Bassa Romagna, Alfonso Nadiani racconta la storia degli Amici del teatro di Cassanigo: «50 anni di dialetto mai becero o volgare»

Elena Nencini
E’ nata negli anni ‘70 la compagnia Amici del Teatro di Cassanigo, ma le sue radici risalgono alla fine dell’Ottocento quando in parrocchia si tenevano delle recite per soli uomini. Spettacoli che si sono tenuti anche nel Novecento, prima e dopo le due guerre mondiali. Finché negli anni Settanta viene fondata la compagnia teatrale parrocchiale, che il 1° maggio 1975 troverà sede nel circolo Anspi S. Luigi Cassanigo. A fondare la compagnia Alfonso Nadiani, appassionato di dialetto e di teatro, che si è occupato dei copioni e della regia per questi 50 anni, ma che spera presto di poter passare il testimone ai giovani. Nadiani collabora da tempo con l‘Istituto Friedrich Schurr sia per le pubblicazioni dello storico mensile “La ludla” che per il progetto «Romagna Slang». Giovedì 1 maggio si terrà, in parrocchia una giornata per ricordare il debutto della compagnia. Dopo la messa e il pranzo proiezione del docu-film “2005-2025, 20 anni con Francesco Minarini”.
Come è nata la compagnia Nadiani?
«Inizialmente quando abbiamo cominciato mettevamo in scena dei testi in italiano, sacre rappresentazioni, varietà, recital. Negli anni Ottanta ci siamo specializzati nel dialetto romagnolo diventando una compagnia di giro. Facevamo una settantina di rappresentazioni in tutta la Romagna, da Rimini ad Imola, con qualche data in Emilia e fuori regione».
Quanti siete oggi?
«Una quindicina di persone, animiamo anche la parrocchia per le festività religiose più importanti come Pasqua e Natale. Chi è passato da Cassanigo è passato dalla nostra compagnia, su 400 abitanti almeno 300 ci hanno frequentato. Per i ragazzi siamo stati un importante punto di riferimento».
Cosa rappresenta oggi il dialetto?
«La commedia in romagnolo è sicuramente il portabandiera del nostro dialetto. Mi piace vedere che a teatro ci vengono a vedere anche i giovani che sono il nostro futuro. L’esperienza con “Romagna Slang”, oltre 100 puntate, resterà visibile in rete. Il teatro però resta la migliore maniera per trasmetterlo. La nostra compagnia si è sempre distinta nella scelta di testi che non fossero solo divertenti, ma facessero anche riflettere, senza scadere nel becero o nel volgare».
Chi sono i ‘campioni’ del dialetto?
«Non tutte le compagnie dialettali sono preparate, il dialetto deve far ridere ma deve essere corretto, filologico.

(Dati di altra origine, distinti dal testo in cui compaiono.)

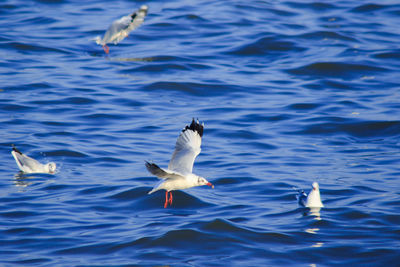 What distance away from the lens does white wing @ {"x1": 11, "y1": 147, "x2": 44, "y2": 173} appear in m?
11.0

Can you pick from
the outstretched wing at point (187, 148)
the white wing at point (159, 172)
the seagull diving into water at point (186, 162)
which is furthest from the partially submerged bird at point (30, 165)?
the white wing at point (159, 172)

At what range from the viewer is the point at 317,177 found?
11.1 metres

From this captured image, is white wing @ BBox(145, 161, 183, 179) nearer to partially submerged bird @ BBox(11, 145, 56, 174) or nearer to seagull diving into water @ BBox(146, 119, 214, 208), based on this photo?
seagull diving into water @ BBox(146, 119, 214, 208)

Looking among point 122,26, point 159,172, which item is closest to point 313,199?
point 159,172

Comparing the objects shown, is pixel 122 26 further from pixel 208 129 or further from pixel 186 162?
pixel 186 162

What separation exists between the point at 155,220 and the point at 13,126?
5397 millimetres

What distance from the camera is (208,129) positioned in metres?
13.7

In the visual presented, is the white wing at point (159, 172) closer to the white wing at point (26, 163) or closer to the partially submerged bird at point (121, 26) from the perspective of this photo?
the white wing at point (26, 163)

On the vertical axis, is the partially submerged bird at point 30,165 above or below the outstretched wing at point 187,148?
below

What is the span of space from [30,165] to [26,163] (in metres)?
0.09

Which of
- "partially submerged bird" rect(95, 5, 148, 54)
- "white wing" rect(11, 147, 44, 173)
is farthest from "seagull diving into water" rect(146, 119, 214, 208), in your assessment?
"partially submerged bird" rect(95, 5, 148, 54)

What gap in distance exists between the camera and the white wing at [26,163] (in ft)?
36.1

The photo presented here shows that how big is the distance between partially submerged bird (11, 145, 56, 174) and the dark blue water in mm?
158

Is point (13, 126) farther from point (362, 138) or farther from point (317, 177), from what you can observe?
point (362, 138)
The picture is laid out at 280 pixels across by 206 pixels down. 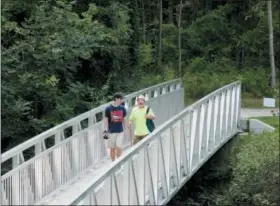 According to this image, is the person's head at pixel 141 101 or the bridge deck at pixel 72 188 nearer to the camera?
the bridge deck at pixel 72 188

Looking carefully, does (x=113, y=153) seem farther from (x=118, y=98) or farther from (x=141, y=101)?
(x=118, y=98)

Non usare delle parole a casaccio. Personaggi come Ivano Marescotti, ma anche Denis Campitelli e Marco Martinelli sono stati dei grandi. Nevio Spadoni per la poesia. Mi auguro che le compagnie teatrali lavorino di più sui testi. Ci sarebbe un grande futuro».
Progetti per il futuro?
«Continuerò a lavorare per il teatro, ma spero che Cristina Vespignani raccolga il testimone e porti avanti la compagnia. E’ importante che non muoia. Adesso abbiamo in programma tre date a Faenza al Teatro dei Filodrammatici con «Che sgnurón… ad’ che sgrazié, d’mi zèj Jusafi». Da giugno poi partirà la tournè estiva di “Tè cun al tu canzunèt, mè cun i mì fet in dialèt!” con Vittorio Bonetti».